> **Goal of the exercise**: Please reproduce the listing word for word. Pictures stay out.

> **Data**:
<<<<

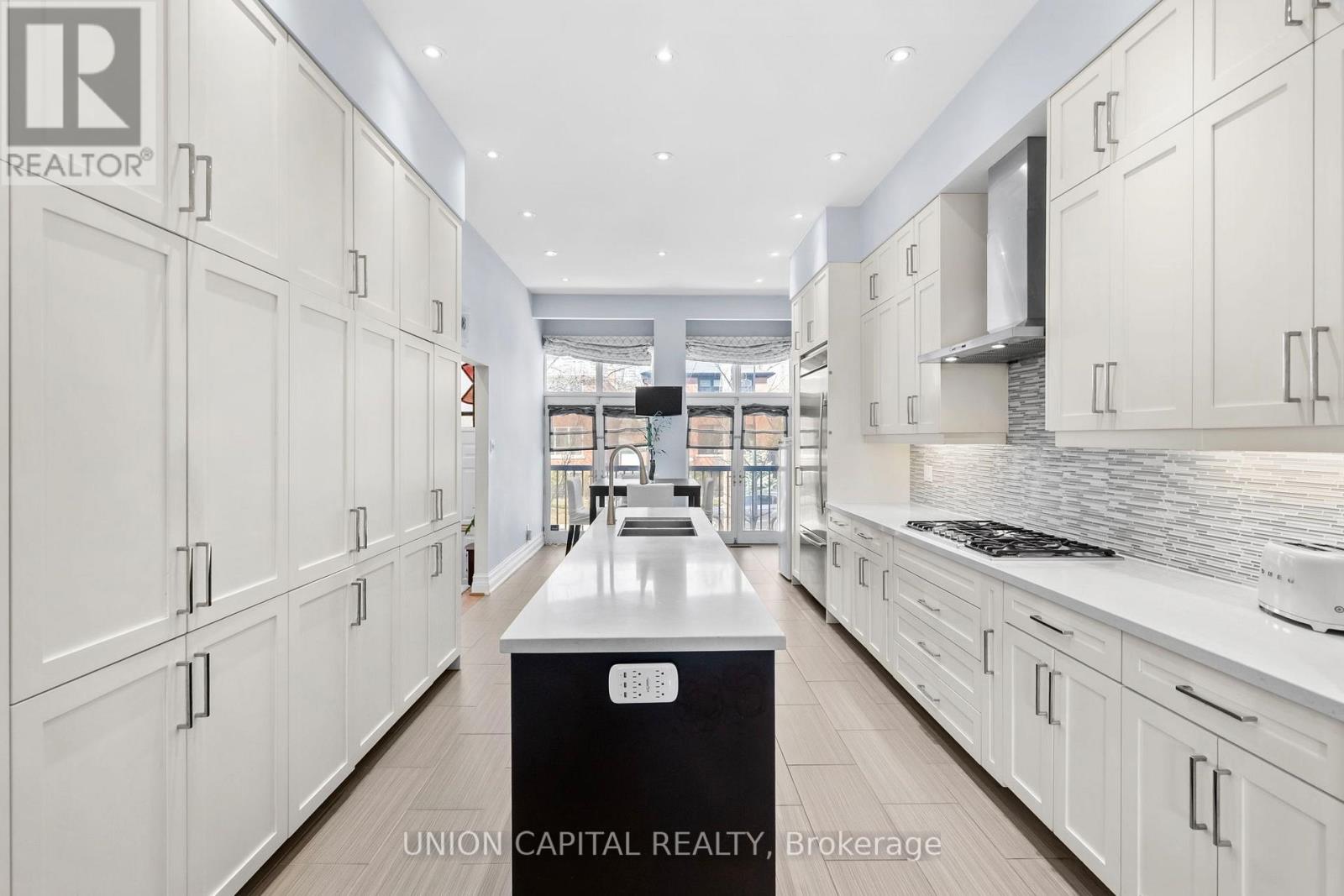 75 Falcon Street, Toronto, Ontario  M4S 2P4 - Photo 6 - C12987168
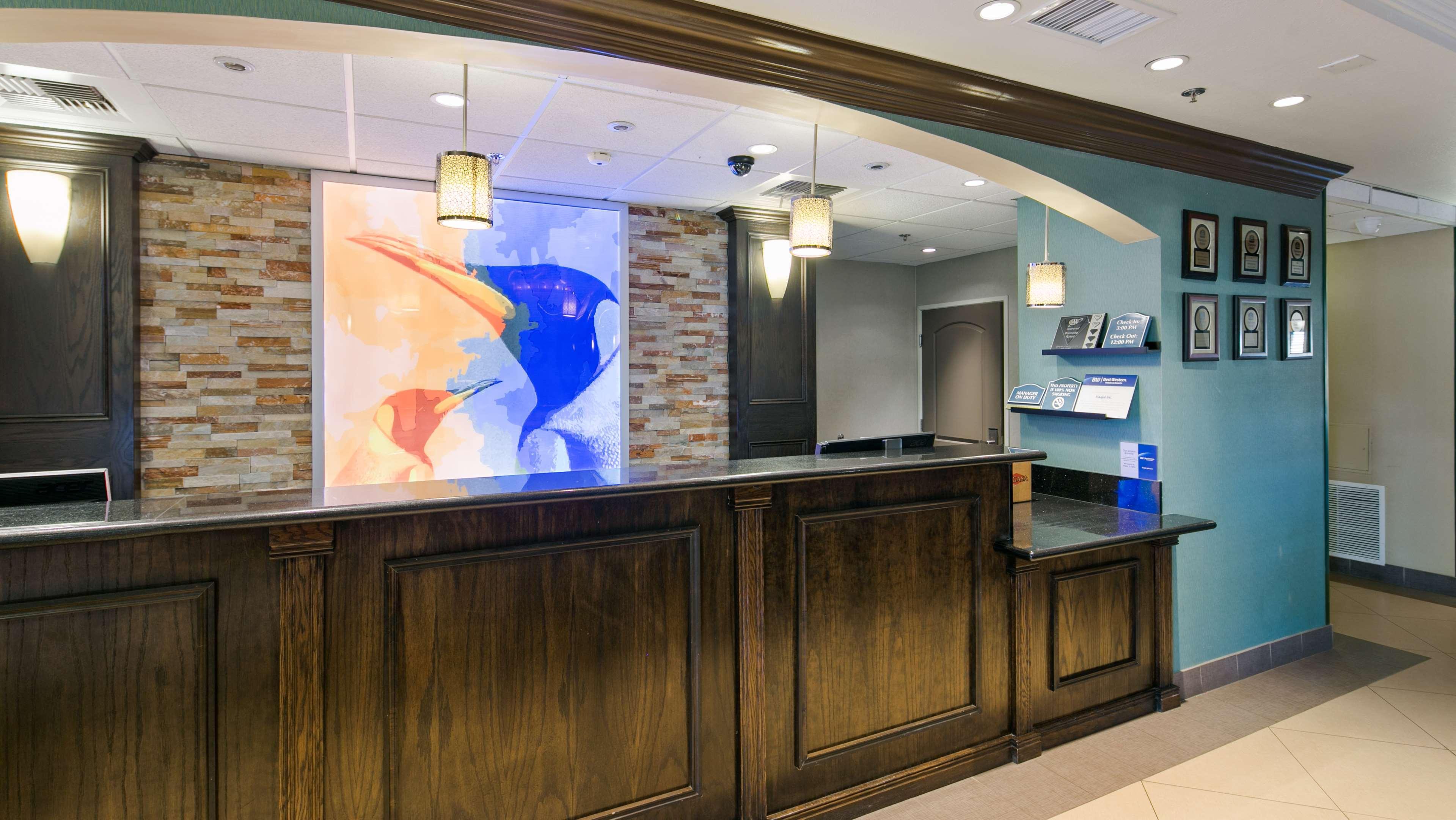 Best Western Plus Wasco Inn & Suites Luaran gambar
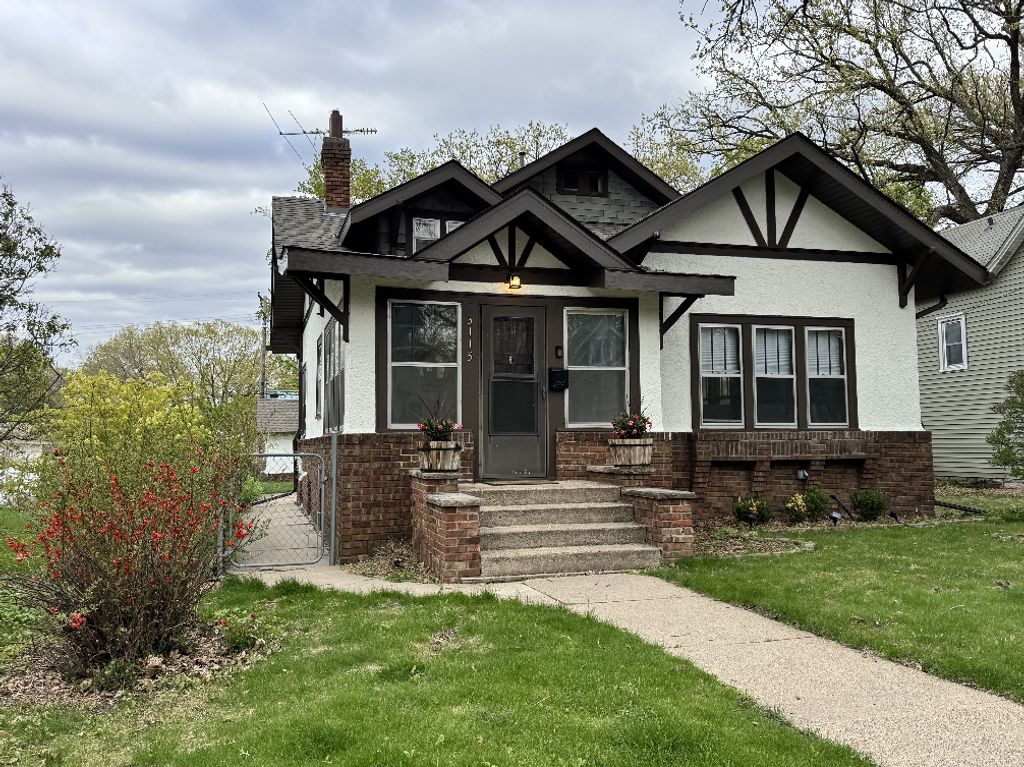 3115 43rd Avenue S, Minneapolis, MN 55406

>>>>

> **Answer for the task**:
 75 Falcon Street, Toronto, Ontario  M4S 2P4 - Photo 6 - C12987168
 Best Western Plus Wasco Inn & Suites Luaran gambar
 3115 43rd Avenue S, Minneapolis, MN 55406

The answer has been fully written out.